За едой Ирен выпила два стакана вина, которое восстановило ее силы и немного развязало язык — она попыталась говорить на ломаном испанском. Время близилось к полуночи.

— Я думаю, — сказала она, — мне не следует снимать номер в отеле, об этом тут же будет сообщено в полицию.

— Конечно. Но я не могу оставить вас тут или приютить у кого-нибудь из товарищей. Единственное, что вам остается, — это сразу же отправиться обратно. Ночью патрулей нет.

— Снова ехать через перевал?

— Да. И знаете, горы не так страшны, как люди. Надо только вести машину не спеша.

Этот человек рассуждал здраво. Даже слишком. И Ирен это оценила.

— Ну что же, тогда я поеду, — сказала она.

— Вы все запомнили?

— Да, у меня хорошая память.

Она опять прошла мимо сквера. Два мрачных часа, проведенных ею здесь, на скамейке, остались уже далеко позади. Она отыскала главную улицу и обрадовалась, опять увидев свою машину. Ирен вынула из сумочки ключ, открыла дверцу и села за руль. Хотя было довольно тепло, она не стала опускать стекла, чтобы чувствовать себя в полной изоляции — как у себя дома. Она завела мотор и включила зажигание — табло на щитке осветилось. Синие и зеленые огоньки сверкали, точно драгоценные камни. Машина тронулась с места мягко, почти бесшумно, и вскоре выскользнула за пределы города. На шоссе Ирен включила фары. Она не любила водить машину в темноте: очень быстро уставали глаза. Но на этот раз надо было сделать над собой усилие. Во Франции она часто возвращалась в машине одна с какого-нибудь неудавшегося уик-энда и очень любила эти моменты, когда, избавившись от всех, уединялась в машине, которая приветствовала ее тихим урчанием. Одиночество порою трудно переносить, но оно имеет и свою положительную сторону. Это утешение — иметь вот такое убежище на колесах или под крышей, иметь возможность сохранить свои пристрастия, свои привычки. Вот и сегодня ночью машина стала ее убежищем, но это не утешало. Впрочем, горы угрожали ей не больше, чем парк Фонтенбло, через который она проезжала в воскресные вечера. Ведь парк Фонтенбло иной раз совсем не внушает доверия. Ей сейчас оставалось только одно — ехать без остановки. Фары освещали дорогу, крутые повороты, деревья у обочин. Ирен включила четвертую скорость; лишь изредка сбавляя газ, она быстро поднималась по склону, оставляя долину внизу. Ирен представляла себе, как снова увидится с актером и его товарищами, повторяла про себя то, что должна была сообщить им о положении на шахтах. Она играла в игру, которая называлась «Я встречаюсь с любимым». Проехав туннель, она навсегда распрощалась с долиной, где бастовали шахтеры.

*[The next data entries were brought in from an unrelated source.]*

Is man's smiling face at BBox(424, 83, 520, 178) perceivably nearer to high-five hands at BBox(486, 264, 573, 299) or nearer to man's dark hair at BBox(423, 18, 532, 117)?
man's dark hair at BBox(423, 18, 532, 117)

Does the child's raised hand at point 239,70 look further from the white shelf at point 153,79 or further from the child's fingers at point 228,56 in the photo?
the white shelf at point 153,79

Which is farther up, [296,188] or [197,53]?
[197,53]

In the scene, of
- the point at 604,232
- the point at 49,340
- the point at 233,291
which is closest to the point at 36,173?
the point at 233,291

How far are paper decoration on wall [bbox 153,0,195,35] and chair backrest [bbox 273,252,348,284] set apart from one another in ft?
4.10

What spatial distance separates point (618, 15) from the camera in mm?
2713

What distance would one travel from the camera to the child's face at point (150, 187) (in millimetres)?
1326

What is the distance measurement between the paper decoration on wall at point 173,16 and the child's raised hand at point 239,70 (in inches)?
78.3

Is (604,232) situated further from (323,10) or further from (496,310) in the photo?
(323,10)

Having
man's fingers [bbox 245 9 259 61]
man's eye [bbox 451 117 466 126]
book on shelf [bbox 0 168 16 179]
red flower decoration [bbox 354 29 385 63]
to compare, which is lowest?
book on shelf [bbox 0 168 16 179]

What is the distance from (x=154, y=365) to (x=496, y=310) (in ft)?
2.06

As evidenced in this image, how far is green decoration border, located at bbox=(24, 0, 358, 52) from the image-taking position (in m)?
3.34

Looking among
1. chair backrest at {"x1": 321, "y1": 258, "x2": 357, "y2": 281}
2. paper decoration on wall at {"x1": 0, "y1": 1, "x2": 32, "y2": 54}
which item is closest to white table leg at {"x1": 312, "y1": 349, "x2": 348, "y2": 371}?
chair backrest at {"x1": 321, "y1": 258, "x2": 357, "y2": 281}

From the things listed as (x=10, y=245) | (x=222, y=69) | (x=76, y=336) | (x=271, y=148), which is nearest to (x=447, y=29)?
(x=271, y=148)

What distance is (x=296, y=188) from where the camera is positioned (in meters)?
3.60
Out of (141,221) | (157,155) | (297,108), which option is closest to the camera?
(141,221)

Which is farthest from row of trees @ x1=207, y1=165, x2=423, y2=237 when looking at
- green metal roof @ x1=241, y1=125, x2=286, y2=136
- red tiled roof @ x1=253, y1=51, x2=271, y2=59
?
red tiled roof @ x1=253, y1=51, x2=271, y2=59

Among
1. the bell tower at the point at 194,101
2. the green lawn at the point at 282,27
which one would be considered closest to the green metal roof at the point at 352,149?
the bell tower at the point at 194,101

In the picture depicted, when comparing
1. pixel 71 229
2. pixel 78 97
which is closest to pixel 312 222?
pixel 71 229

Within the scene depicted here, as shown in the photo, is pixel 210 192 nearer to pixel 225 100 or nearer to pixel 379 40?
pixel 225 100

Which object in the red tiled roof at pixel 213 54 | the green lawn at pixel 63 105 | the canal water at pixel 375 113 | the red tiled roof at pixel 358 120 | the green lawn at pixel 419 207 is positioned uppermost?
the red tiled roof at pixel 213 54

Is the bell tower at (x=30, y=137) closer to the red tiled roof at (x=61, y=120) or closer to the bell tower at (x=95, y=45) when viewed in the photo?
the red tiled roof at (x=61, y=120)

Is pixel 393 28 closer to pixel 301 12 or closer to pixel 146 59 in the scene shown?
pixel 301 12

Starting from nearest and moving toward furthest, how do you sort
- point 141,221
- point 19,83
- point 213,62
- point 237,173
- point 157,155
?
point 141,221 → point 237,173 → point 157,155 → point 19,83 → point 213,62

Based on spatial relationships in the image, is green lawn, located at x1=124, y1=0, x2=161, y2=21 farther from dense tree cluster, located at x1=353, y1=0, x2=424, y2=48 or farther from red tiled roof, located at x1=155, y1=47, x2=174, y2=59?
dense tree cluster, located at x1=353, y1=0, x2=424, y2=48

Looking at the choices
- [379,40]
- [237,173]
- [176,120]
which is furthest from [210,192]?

Несмотря на ночь, обратная дорога показалась ей короче. Около двух часов пополуночи она была уже недалеко от столицы. Она решила, что на сегодня с нее хватит и, если ей встретится по дороге подходящий отель, она остановится там. И действительно, нашелся один освещенный отель, он стоял на несуразной площади, вымощенной посередине и украшенной монументальным фонтаном. Она оставила тут машину рядом с другими автомобилями. Похоже, отель был невысокого класса. Ночной сторож дремал на раскладушке. Свободные номера имелись. Сторож, точно лунатик, двинулся к конторке и протянул Ирен карточку, которую она заполнила, стараясь как можно неразборчивее написать имя, чтобы его невозможно было прочесть. Сторож попросил у нее паспорт, но, едва раскрыв его, тут же закрыл.

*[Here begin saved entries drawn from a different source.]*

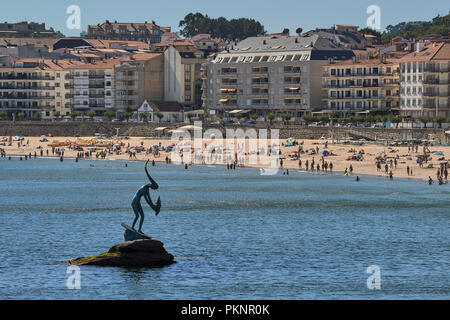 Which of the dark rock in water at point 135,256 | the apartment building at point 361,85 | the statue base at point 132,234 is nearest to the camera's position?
the statue base at point 132,234

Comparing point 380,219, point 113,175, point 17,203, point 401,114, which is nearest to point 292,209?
point 380,219

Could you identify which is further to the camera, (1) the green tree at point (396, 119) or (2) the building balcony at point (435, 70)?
(2) the building balcony at point (435, 70)

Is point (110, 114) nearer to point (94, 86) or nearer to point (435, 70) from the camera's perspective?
point (94, 86)

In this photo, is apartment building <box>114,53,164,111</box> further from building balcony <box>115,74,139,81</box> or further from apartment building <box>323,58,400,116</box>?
apartment building <box>323,58,400,116</box>

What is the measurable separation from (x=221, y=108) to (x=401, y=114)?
36249 millimetres

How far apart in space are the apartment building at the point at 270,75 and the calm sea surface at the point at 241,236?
5413 cm

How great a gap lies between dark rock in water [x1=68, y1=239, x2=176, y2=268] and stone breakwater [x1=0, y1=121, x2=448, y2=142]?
83.5 m

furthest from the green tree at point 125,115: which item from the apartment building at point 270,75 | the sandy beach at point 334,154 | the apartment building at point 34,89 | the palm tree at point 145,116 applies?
the apartment building at point 34,89

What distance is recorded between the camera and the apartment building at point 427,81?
5610 inches

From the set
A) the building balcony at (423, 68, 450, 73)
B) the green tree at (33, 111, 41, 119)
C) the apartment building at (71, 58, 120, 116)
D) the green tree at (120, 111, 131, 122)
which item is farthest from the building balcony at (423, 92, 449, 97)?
the green tree at (33, 111, 41, 119)

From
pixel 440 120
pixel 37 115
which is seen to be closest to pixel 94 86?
pixel 37 115

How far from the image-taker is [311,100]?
535 feet

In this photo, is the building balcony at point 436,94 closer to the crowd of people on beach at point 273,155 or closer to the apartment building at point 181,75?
the crowd of people on beach at point 273,155

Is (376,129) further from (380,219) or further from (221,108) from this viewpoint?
(380,219) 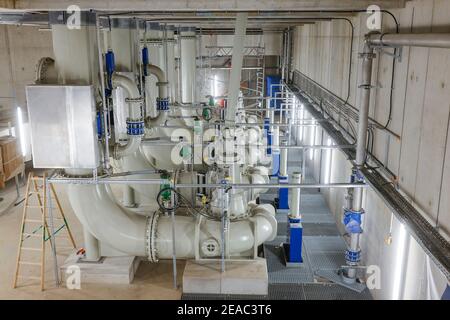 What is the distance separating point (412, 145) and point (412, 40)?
120cm

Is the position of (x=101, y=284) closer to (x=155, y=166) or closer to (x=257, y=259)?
(x=257, y=259)

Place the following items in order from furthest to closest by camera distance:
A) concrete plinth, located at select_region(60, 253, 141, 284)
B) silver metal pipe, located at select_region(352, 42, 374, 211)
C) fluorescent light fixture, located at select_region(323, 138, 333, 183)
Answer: fluorescent light fixture, located at select_region(323, 138, 333, 183)
concrete plinth, located at select_region(60, 253, 141, 284)
silver metal pipe, located at select_region(352, 42, 374, 211)

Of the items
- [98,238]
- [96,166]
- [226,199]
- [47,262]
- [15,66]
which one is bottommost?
[47,262]

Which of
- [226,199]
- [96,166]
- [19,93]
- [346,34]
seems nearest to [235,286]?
[226,199]

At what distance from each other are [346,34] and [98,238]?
5.88 meters

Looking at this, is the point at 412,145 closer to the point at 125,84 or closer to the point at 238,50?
the point at 238,50

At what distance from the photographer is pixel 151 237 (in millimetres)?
7488

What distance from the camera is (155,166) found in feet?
36.1

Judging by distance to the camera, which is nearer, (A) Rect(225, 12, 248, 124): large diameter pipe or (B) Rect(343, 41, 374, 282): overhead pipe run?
(B) Rect(343, 41, 374, 282): overhead pipe run

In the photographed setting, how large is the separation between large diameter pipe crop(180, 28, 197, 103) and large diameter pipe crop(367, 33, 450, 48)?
341 inches

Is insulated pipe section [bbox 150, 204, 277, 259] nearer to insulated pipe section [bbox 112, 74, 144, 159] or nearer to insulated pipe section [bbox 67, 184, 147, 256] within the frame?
insulated pipe section [bbox 67, 184, 147, 256]

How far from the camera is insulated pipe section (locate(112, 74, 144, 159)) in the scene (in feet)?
23.8

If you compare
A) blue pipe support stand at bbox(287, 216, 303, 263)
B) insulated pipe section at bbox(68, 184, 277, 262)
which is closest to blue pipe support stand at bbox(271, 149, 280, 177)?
blue pipe support stand at bbox(287, 216, 303, 263)

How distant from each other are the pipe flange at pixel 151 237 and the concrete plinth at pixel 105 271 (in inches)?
20.6
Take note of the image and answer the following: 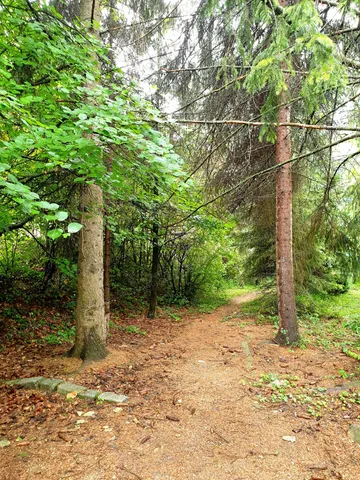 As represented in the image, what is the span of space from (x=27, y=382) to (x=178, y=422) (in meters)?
2.07

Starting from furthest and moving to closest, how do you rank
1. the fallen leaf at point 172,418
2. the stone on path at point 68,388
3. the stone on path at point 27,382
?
the stone on path at point 27,382 < the stone on path at point 68,388 < the fallen leaf at point 172,418

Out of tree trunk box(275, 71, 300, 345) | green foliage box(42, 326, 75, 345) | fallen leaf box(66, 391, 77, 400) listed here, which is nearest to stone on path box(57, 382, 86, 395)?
fallen leaf box(66, 391, 77, 400)

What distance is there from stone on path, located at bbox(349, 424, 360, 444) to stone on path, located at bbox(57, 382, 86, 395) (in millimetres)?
2952

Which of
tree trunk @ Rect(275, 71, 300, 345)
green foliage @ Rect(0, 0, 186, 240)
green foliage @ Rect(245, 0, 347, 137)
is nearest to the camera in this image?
green foliage @ Rect(0, 0, 186, 240)

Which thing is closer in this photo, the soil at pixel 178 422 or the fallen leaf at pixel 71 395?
the soil at pixel 178 422

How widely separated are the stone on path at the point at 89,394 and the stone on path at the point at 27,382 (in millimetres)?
659

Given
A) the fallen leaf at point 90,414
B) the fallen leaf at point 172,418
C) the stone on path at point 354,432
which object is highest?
the fallen leaf at point 90,414

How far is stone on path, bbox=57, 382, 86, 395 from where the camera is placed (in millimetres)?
3562

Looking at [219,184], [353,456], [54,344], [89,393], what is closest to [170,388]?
[89,393]

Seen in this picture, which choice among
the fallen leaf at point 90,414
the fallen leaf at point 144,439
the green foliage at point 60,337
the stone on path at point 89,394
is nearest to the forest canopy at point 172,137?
the green foliage at point 60,337

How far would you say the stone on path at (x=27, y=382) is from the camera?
3719 mm

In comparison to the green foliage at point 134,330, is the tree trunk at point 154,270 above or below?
above

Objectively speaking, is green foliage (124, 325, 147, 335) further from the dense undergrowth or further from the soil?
the dense undergrowth

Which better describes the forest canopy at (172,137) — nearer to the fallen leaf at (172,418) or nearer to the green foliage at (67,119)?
the green foliage at (67,119)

Ирен положила деньги на стойку. Сторож взял ее легкую дорожную сумку и проводил Ирен в номер на третьем этаже.

Она смочила холодной водой глаза, которые горели, затем улеглась и уснула, время от времени просыпаясь, чтобы взглянуть на часы. Ирен решила уехать очень рано, пока полиция еще не успела проверить карточки отеля. Когда она встала, не было и шести. Ирен вышла, не встретив никого, даже ночного сторожа.

Теперь опасность почти миновала. Если ее задержат, она скажет, что взяла напрокат эту машину, намереваясь поехать на морской пляж. Никаких доказательств, что она ездила в долину, где происходила забастовка, нет. Проехав километров сто, она наткнулась на полицейский патруль. В сущности, это был первый контроль с начала ее путешествия. Она притворилась, что не понимает ни слова по-испански, и молча протянула документы. Это был самый простой способ избавиться от всяких объяснений. Ей разрешили ехать дальше. Других происшествий до самого конца не было.

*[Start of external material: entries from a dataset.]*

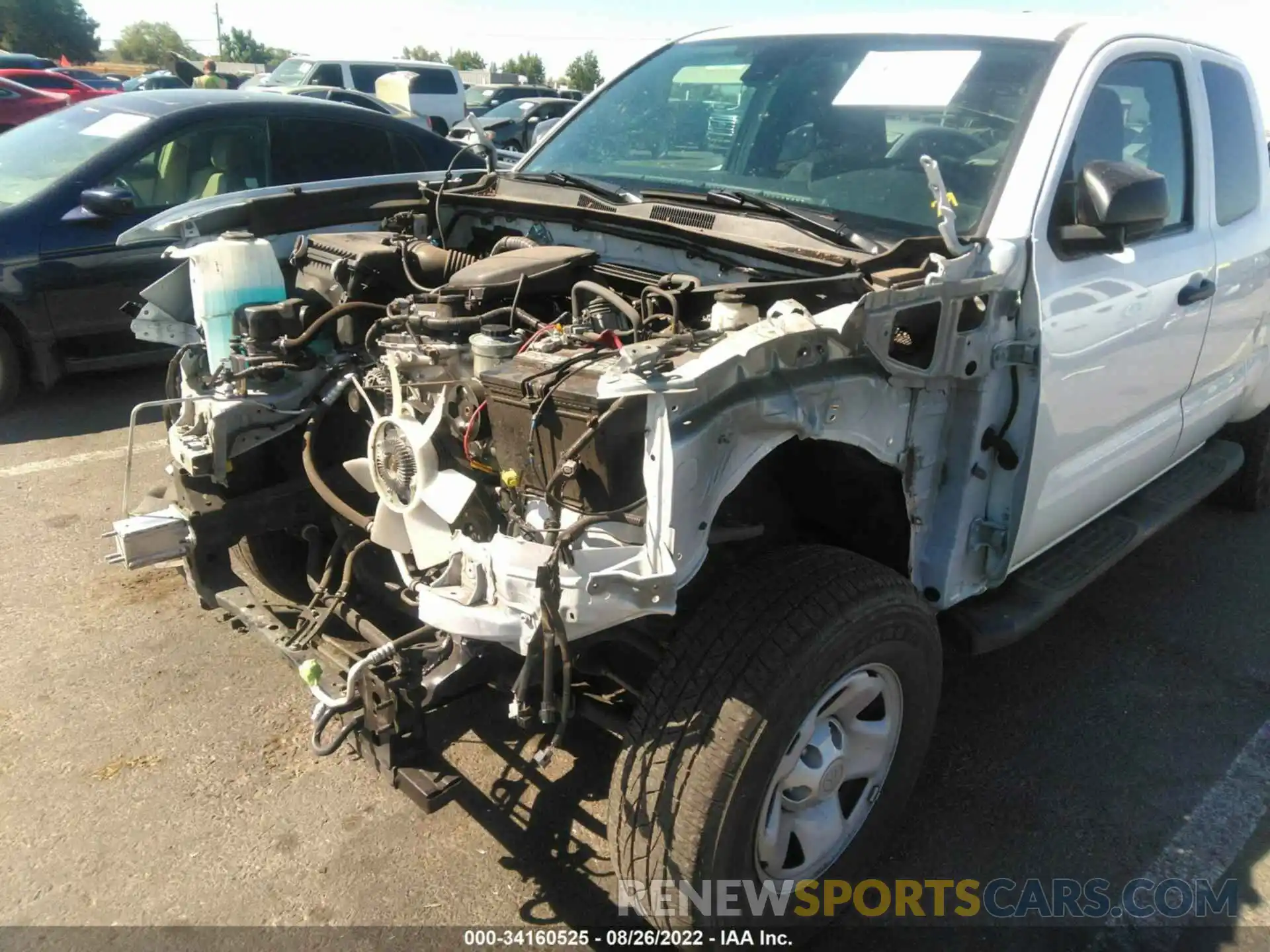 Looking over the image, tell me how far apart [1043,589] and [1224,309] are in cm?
146

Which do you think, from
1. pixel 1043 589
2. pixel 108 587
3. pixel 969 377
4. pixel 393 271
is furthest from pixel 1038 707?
pixel 108 587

Сдав машину в бюро проката, Ирен вернулась к себе в отель, куда за ней должен был прийти актер. В ожидании его она приняла душ и привела себя в порядок. Она перебрала несколько платьев и в конце концов остановилась на одном, в зеленую и голубую полоску, которое было на ней в тот день, когда актер раздел ее в большой комнате в глубине колониального особняка. После того как она была готова, ей пришлось еще долго ждать. У Ирен стоял ком в горле и пропало всякое желание рассказывать актеру про свое путешествие. Наконец ее позвали к телефону. Звонили из полиции. Ей показалось, что она узнала голос комиссара, говорившего по-французски. Следствие по делу об убийстве Жюдит закончилось. Ее просили как можно быстрее зайти в полицию и разрешить проблему похорон. Когда она услышала этот голос, ей сразу вспомнилось жирное бледное лицо полицейского с чернотой под глазами. Итак, она уже больше не может ждать актера. «Сейчас приду», — ответила Ирен полицейскому. Снова она оказалась в ситуации, когда было одинаково мучительно и ждать, и не ждать актера. «Я не виновата, — сказала она себе и тут же поправилась: — Да нет, мы всегда бываем в чем-то виноваты».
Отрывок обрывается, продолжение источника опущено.